[Python-Dev] Dictionary sparseness

Tim Peters tim.one@comcast.net
Mon, 05 May 2003 13:40:18 -0400


[Jeremy Hylton]
> Have you seen the work on gray-box systems?
>
> http://www.cs.wisc.edu/graybox/
>
> The philosophy of this project seems to be "You can observe an awful lot
> just by watching."  (Apologies to Yogi.)  The approach is to learn how a
> particular service is implemented, e.g. what buffer-replacement
> algorithm is used, by observing its behavior.  Then write an application
> that exploits that knowledge to drive the system into optimized behavior
> for  the application.  No madvise() necessary.
>
> I wonder if the same can be done for dicts?  My first guess would be no,
> because the sparseness is a fixed policy.

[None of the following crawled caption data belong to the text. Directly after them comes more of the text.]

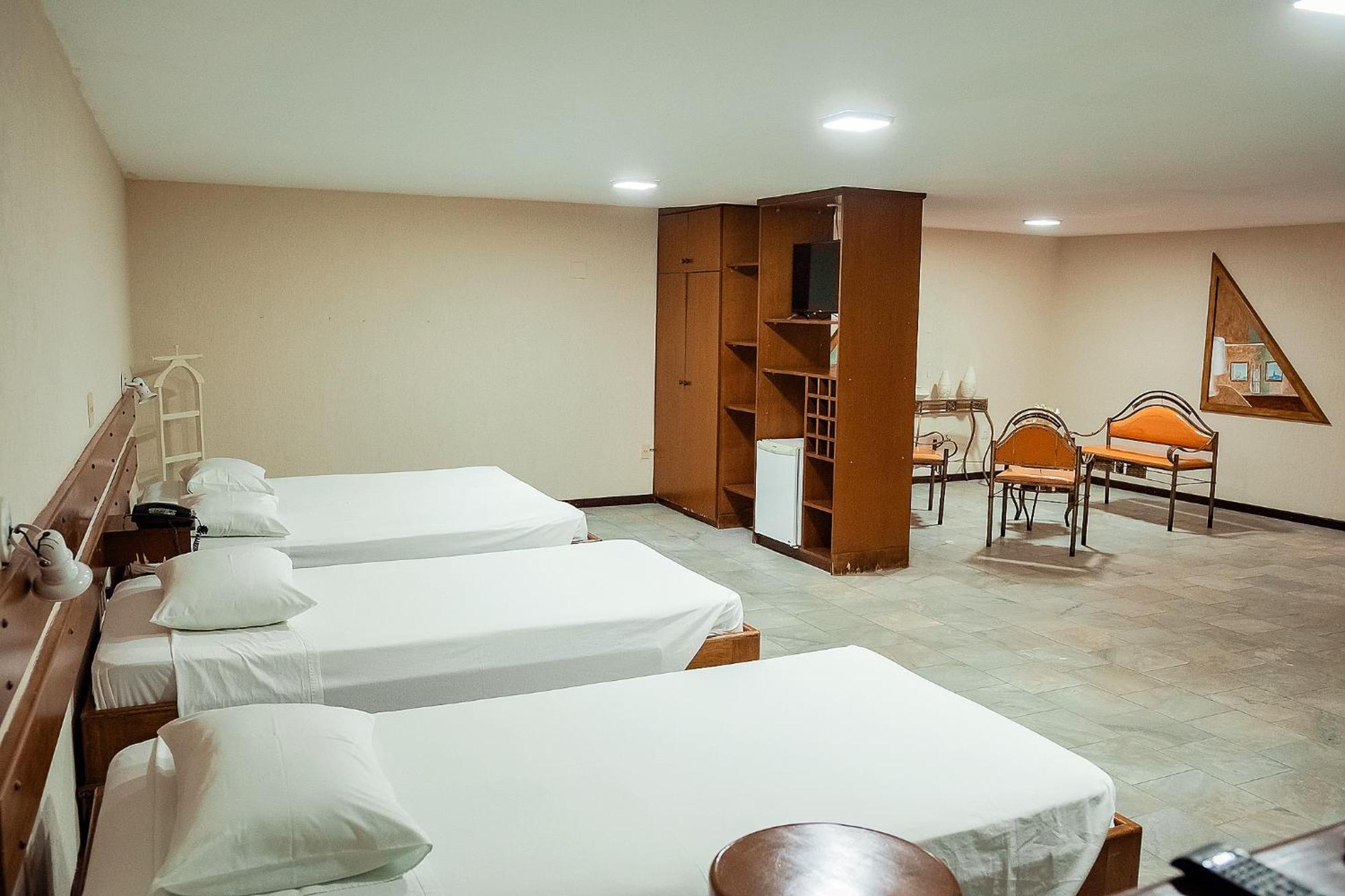 Sakr Hotel Penápolis Εξωτερικό φωτογραφία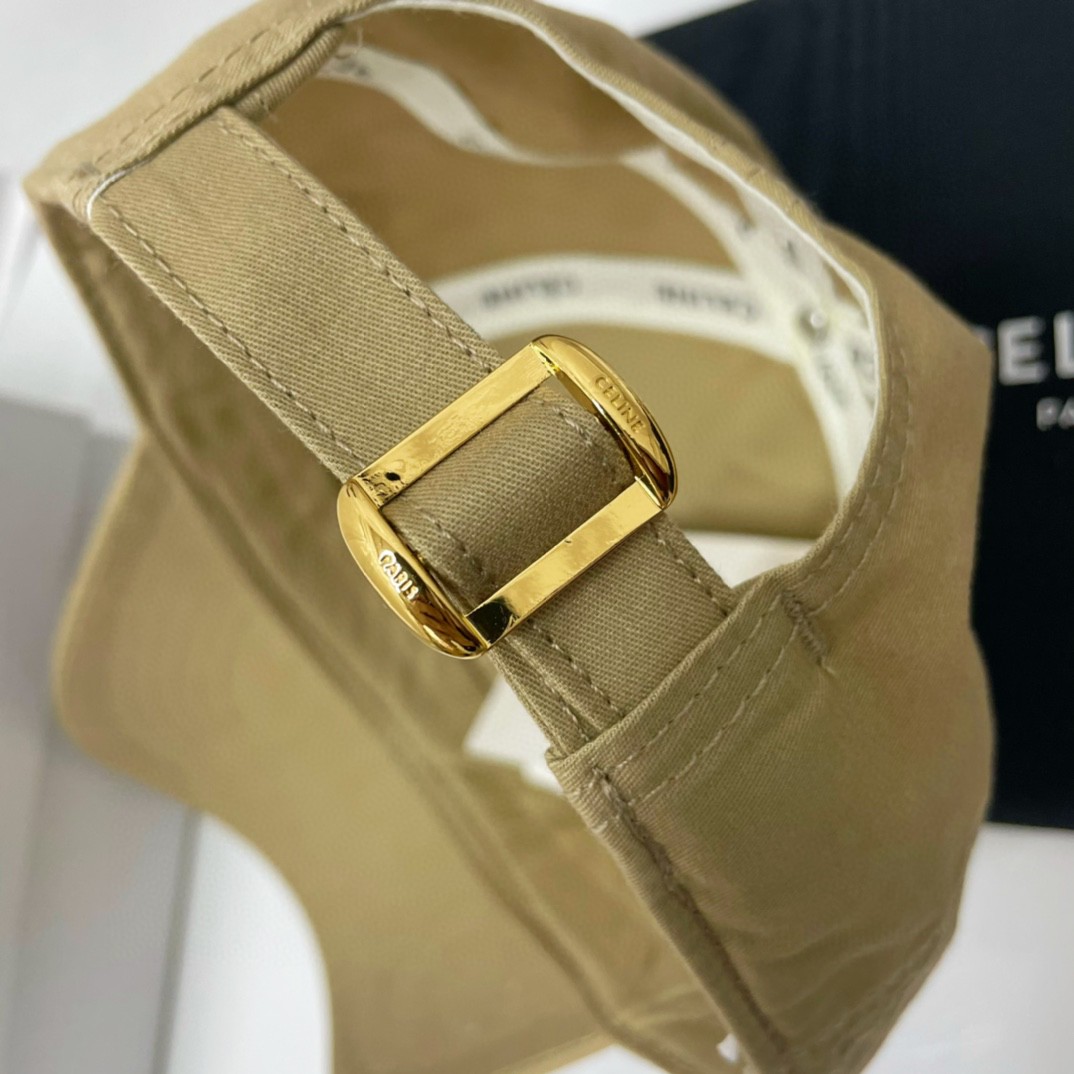 CELINE 赛琳 凯旋门绣花棒球帽 鸭舌帽 帽子 卡其色 B0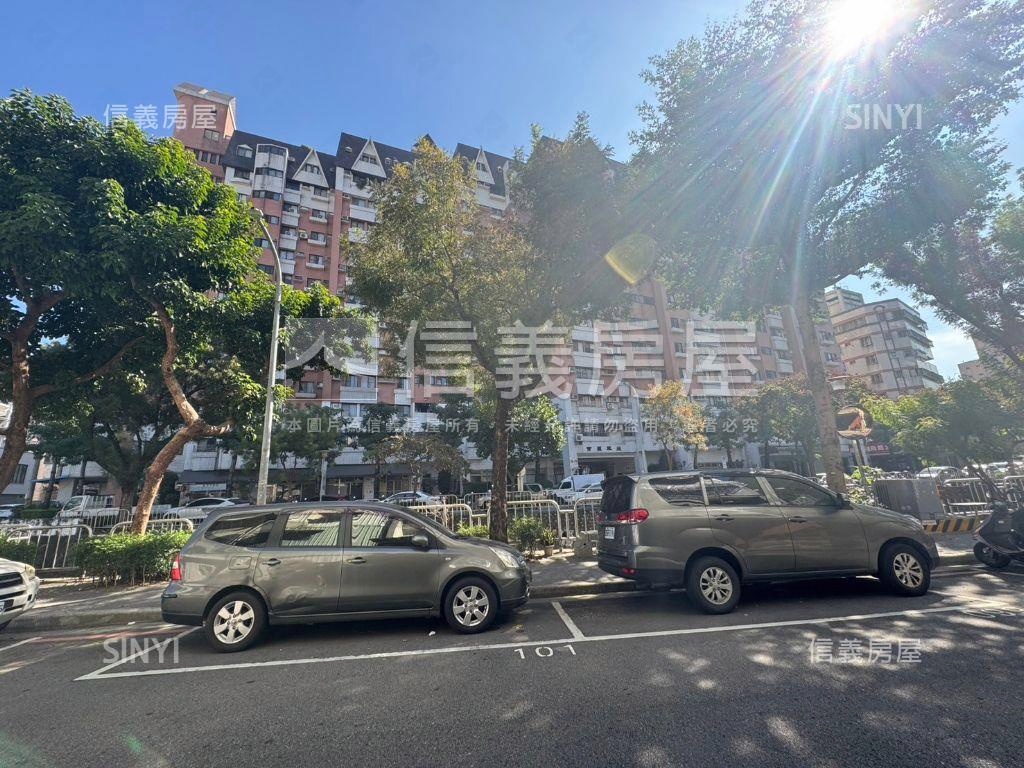 極品✿北屯大面寬燙金店面房屋室內格局與周邊環境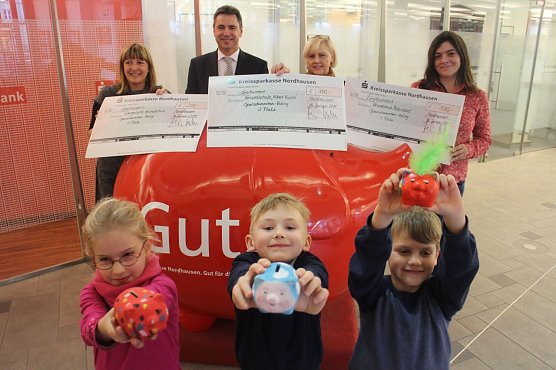 Auch die Grundschulen der Gewinner durften sich freuen (Foto: Angelo Glashagel)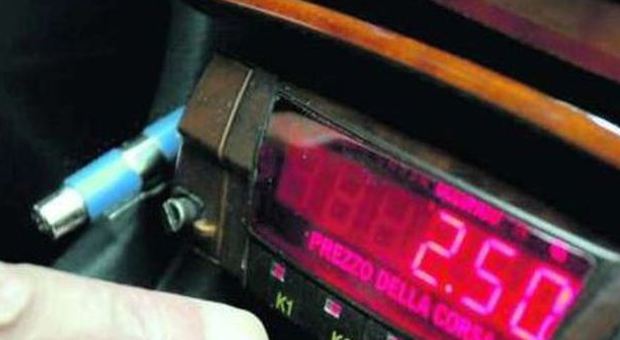 Taxi, il Tar annulla l’obbligo di scontrino: cancellata norma del regolamento capitolino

Well, a dict suffers damaging collisions or it doesn't.  If it does, the
best thing a user can do is rebuild the dict from scratch, inserting keys by
decreasing order of access frequency.  Then the most frequently accessed
keys come earliest in their collision chains.  Collisions simply don't
matter for rarely referenced keys.  (And, for example, if there *are* any
truly damaging collisions in __builtin__.__dict__, I expect this gimmick
would remove the damage.)  The size of the dict can be forced larger by
inserting artificial keys, if a user is insane <wink>.  It's always been
possible to eliminate dummy entries by doing "dict = dict.copy()".  Note
that because Python exposes the hash function used by dicts, you can write a
faithful low-level dict emulator in Python, and deduce what effects a
sequence of dict inserts and deletes will have.  So, overall, I expect
there's more you *could* do to speed dict access (in the handful of bad
cases it's not already good enough) yourself than Python could do for you.
You'd have to be nuts, though -- or writing papers on gray-box systems.